Grubb & Ellis Healthcare REIT II is sponsored by Grubb &
Ellis Company (NYSE: GBE), one of the largest and most respected
commercial real estate services and investment companies in the
world. Our 5,200 professionals in more than 100 company-owned and
affiliate offices draw from a unique platform of real estate
services, practice groups and investment products to deliver
comprehensive, integrated solutions to real estate owners, tenants
and investors. The firm's transaction, management, consulting and
investment services are supported by highly regarded proprietary
market research and extensive local expertise. Through its
investment management business, the company is a leading sponsor of
real estate investment programs. For more information, visit
www.grubb-ellis.com.
This release contains certain forward-looking statements
(under Section 27A of the Securities Act of 1933, as amended, and
Section 21E of the Securities Exchange Act of 1934, as amended)
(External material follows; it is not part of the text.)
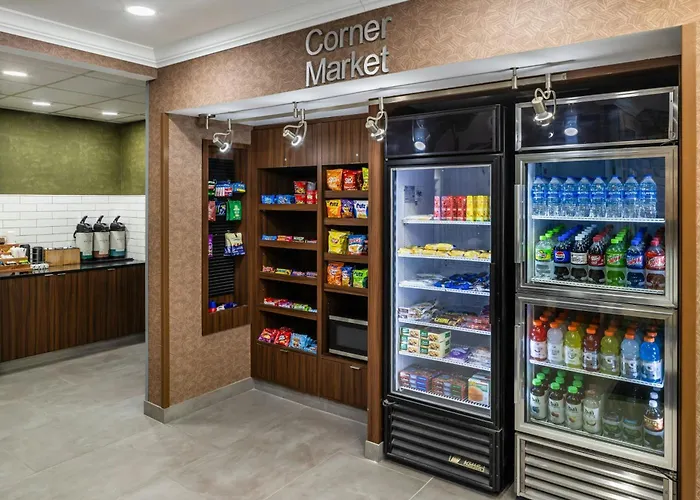 Fairfield Inn & Suites Butler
with respect to Maxfield Medical Office Building's occupancy,
whether its proximity to Doctors Hospital of Sarasota and Sarasota Memorial Hospital is
beneficial, whether the acquisition of Maxfield Medical Office
Building is an excellent addition to our property portfolio, and
whether our property portfolio will continue to grow rapidly.
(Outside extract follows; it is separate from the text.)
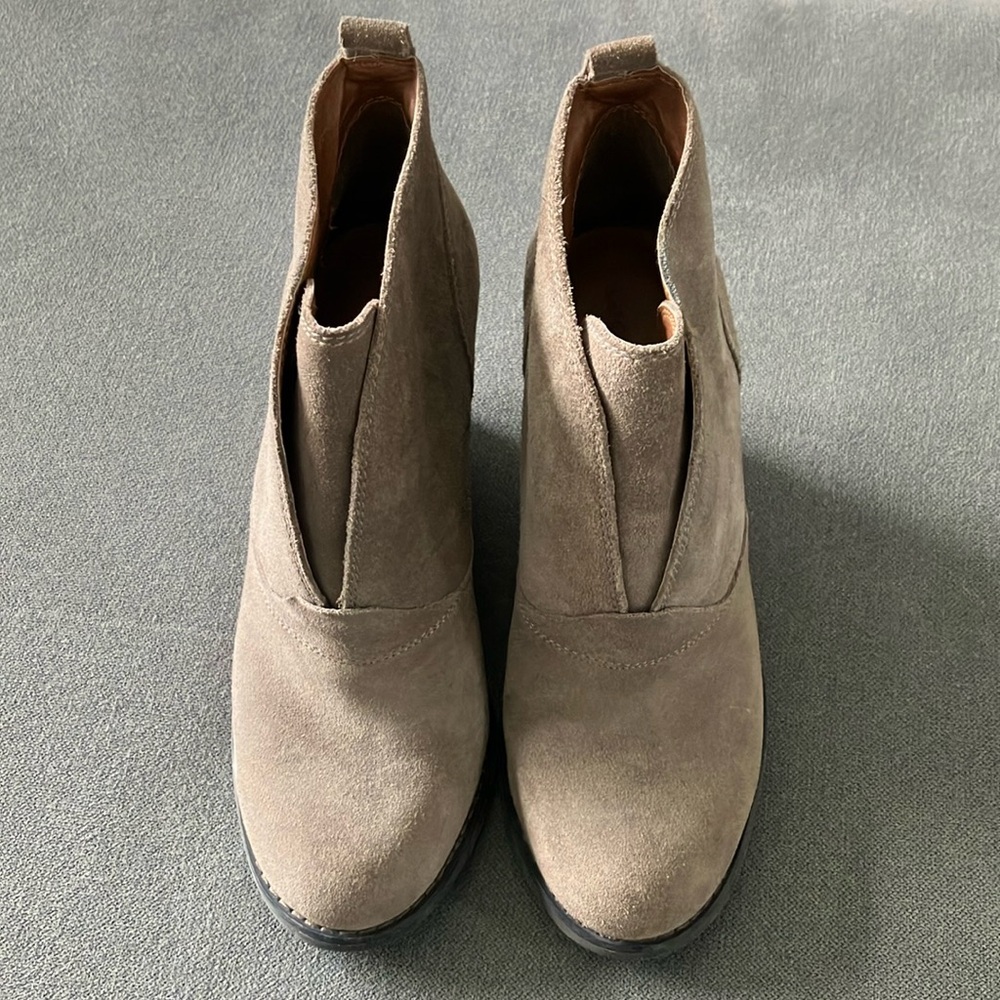 Lucky Brand Leather Taupe Ankle Boots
Because such statements include risks, uncertainties and
contingencies, actual results may differ materially from those
expressed or implied by such forward-looking statements. These
risks, uncertainties and contingencies include, but are not limited
to, the following: the strength and financial condition of Maxfield
Medical Office Building and its tenants; uncertainties relating to
the financial strength of Doctors Hospital of Sarasota and Sarasota Memorial Hospital, and
the local economy of Greater Sarasota,
Florida; uncertainties relating to changes in general
economic and real estate conditions; uncertainties regarding
changes in the healthcare industry; the uncertainties relating to
the implementation of our real estate investment strategy; and
other risk factors as outlined in the company's prospectus, as
amended from time to time, and as detailed from time to time in our
periodic reports, as filed with the U.S. Securities and Exchange
Commission. Forward-looking statements in this document
speak only as of the date on which such statements were made, and
we undertake no obligation to update any such statements that may
become untrue because of subsequent events. We claim the safe
harbor protection for forward-looking statements contained in the
Private Securities Litigation Reform Act of 1995.
THIS IS NEITHER AN OFFER TO SELL NOR AN OFFER TO BUY ANY
SECURITIES DESCRIBED HEREIN. OFFERINGS ARE MADE ONLY BY MEANS
OF A PROSPECTUS.
SOURCE Grubb & Ellis Healthcare REIT II, Inc.